At Maariv we pray, 'Umesader Et HaKochavim' 'He Who Designates the Stars' 'U'Bechacham Poteach Shearim' 'And in His Wisdom Opens the Gates' as we think of the stars we do not see and the gates of night opening in the sky we hope will reveal the moon. This is the first moon after the Day of Judgment. The first true moon of a new year.
During Rosh Hashana we studied Mesechta Rosh Hashana and the questioning of the witnesses, who received the same status as those who came to put out a fire, to aid in war and midwives. Feasts were thrown for those men who came from far bearing the news that the new month was here. Those who had seen the moon for themselves were carried on litters even on the Shabbat. And like them here we were hunting for the moon.
Car horns honked as we raced across the street and then back again ahead of beat up Hondas and bright new Lexus'. Crowds passed us laughing and joking on what was for them just another Saturday night and was for us a new beginning.
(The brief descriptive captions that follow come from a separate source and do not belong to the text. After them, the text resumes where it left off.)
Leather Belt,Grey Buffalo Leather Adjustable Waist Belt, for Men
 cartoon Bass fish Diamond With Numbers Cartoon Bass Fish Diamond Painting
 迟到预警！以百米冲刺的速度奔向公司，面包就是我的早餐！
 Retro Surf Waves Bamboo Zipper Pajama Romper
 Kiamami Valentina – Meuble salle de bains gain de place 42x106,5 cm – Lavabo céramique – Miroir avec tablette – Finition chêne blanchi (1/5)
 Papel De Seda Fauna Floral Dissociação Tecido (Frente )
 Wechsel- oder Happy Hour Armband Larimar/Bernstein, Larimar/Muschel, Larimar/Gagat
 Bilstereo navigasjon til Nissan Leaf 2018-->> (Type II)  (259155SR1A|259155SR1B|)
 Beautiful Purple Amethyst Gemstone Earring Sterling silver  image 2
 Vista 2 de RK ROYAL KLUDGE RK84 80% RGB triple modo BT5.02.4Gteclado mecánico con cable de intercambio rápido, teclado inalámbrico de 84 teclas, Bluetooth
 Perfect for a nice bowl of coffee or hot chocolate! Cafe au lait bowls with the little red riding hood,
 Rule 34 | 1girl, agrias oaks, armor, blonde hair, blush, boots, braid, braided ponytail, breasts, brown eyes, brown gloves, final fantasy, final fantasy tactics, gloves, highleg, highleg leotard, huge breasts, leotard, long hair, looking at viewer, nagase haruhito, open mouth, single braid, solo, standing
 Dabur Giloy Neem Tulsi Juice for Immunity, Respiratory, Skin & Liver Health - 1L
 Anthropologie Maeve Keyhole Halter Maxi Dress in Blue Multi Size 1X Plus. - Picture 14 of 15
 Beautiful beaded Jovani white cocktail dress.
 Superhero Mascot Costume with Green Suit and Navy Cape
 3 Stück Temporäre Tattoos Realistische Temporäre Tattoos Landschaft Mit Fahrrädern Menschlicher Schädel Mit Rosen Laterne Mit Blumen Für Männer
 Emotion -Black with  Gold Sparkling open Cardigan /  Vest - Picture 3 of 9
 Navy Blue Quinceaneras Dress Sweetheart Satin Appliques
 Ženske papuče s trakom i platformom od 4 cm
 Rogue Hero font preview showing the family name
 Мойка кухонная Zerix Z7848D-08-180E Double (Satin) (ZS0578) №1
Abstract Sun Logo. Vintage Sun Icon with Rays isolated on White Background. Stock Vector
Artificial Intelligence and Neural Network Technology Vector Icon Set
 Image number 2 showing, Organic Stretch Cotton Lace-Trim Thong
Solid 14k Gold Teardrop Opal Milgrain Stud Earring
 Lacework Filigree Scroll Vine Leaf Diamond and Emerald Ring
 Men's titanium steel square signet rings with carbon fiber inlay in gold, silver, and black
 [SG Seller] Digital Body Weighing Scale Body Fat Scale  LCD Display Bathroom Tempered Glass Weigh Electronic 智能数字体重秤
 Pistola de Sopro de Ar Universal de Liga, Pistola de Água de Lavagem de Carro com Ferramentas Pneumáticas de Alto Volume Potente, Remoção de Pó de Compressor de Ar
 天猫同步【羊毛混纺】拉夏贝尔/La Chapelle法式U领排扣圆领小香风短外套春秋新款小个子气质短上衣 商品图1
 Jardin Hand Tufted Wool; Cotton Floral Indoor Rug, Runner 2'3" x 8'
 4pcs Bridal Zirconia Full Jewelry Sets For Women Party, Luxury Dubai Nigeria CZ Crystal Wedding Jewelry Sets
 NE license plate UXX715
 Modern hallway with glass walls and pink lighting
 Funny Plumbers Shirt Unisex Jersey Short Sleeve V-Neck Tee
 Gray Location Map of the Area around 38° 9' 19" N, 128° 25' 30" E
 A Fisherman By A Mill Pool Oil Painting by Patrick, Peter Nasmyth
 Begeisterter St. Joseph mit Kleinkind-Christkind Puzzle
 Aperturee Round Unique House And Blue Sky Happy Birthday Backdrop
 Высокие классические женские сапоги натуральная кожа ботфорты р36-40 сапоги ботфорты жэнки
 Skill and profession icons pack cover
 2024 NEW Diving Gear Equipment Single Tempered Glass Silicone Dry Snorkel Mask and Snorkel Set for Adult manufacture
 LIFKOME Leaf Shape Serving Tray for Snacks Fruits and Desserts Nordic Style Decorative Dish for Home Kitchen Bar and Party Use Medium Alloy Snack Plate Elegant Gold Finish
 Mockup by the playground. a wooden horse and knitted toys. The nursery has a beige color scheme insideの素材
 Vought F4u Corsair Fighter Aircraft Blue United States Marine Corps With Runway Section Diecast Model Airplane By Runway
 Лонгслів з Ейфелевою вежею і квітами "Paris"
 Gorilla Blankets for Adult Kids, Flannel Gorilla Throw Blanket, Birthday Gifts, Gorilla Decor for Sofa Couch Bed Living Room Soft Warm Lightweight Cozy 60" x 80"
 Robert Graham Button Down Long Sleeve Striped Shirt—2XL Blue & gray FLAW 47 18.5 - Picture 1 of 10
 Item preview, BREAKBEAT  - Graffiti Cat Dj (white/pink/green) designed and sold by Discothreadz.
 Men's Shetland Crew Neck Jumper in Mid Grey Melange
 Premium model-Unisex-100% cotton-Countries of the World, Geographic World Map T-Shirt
Lone figures moved through the shadows talking on their cell phones to the invisible persons and still through the trees and the rusted iron grates of fire escapes we sought that pale blue and white sphere of moonlight.
When at last we found it at the corner around the block we marched there in a line of men in black lit up by the neon lights of bodegas and restaurants. From a club a harsh pounding rhythm pulses like the beat of a jangling heart. A latino man weighed down in gold jewelery looks at us bemusedly and cars flow by like great colorful tropical metal fish flowing along a black river of road into the night.
Through the buildings the moon looks down on us, white and blue, pale and glowing like a beacon of the extraordinary shining between the ordinary moldy brick of the houses around us. I know I will go home to new news of bombings and terrorism, to outbursts of hate and decay in a world busy destroying itself. 'Keshem Shenai Roked Kenegdecha VeLo Yachol Lingoa Bach; Kach Lo Yochlu Ovai Lingoa Bi Le'Ra' we pray. As I Stretch out to the Moon and Cannot Reach It, So Too May Our Enemies Not Be Able to Reach and Harm Us.'
I reach for the moon but only manage to get an inch nearer to it. We have found the moon but it is far from us still.